### ACTIVITY
From the entries that follow, copy exactly the lines beginning at the line holding "SONY SLV-D910B - Avant de commencer... - 14" and continuing through the line holding "FF&E project workflow".

[Stored data]
>>>

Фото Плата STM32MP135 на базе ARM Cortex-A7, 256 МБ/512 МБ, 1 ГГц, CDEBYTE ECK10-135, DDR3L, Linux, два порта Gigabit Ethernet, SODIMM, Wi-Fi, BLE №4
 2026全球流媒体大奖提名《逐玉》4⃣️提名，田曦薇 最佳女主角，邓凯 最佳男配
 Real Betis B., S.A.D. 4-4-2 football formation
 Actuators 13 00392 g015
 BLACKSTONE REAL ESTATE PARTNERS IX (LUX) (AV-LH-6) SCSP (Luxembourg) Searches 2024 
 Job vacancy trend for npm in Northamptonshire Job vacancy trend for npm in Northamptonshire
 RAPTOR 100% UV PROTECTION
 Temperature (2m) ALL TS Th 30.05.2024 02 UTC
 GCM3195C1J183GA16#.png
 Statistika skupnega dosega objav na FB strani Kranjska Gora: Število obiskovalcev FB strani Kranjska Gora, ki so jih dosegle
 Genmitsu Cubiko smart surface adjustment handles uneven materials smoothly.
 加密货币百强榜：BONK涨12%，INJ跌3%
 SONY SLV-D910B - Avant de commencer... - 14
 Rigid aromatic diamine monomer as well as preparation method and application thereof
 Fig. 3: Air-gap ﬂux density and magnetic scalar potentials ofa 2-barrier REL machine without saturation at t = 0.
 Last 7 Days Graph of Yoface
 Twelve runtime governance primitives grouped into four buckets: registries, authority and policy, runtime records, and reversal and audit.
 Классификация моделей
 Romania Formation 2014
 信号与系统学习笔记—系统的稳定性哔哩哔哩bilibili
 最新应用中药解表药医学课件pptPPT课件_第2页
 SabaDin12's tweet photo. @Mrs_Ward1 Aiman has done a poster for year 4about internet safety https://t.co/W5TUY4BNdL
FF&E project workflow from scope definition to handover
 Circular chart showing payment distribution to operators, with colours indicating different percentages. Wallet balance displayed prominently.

<<<

### YOUR SOLUTION
 SONY SLV-D910B - Avant de commencer... - 14
 Rigid aromatic diamine monomer as well as preparation method and application thereof
 Fig. 3: Air-gap ﬂux density and magnetic scalar potentials ofa 2-barrier REL machine without saturation at t = 0.
 Last 7 Days Graph of Yoface
 Twelve runtime governance primitives grouped into four buckets: registries, authority and policy, runtime records, and reversal and audit.
 Классификация моделей
 Romania Formation 2014
 信号与系统学习笔记—系统的稳定性哔哩哔哩bilibili
 最新应用中药解表药医学课件pptPPT课件_第2页
 SabaDin12's tweet photo. @Mrs_Ward1 Aiman has done a poster for year 4about internet safety https://t.co/W5TUY4BNdL
FF&E project workflow from scope definition to handover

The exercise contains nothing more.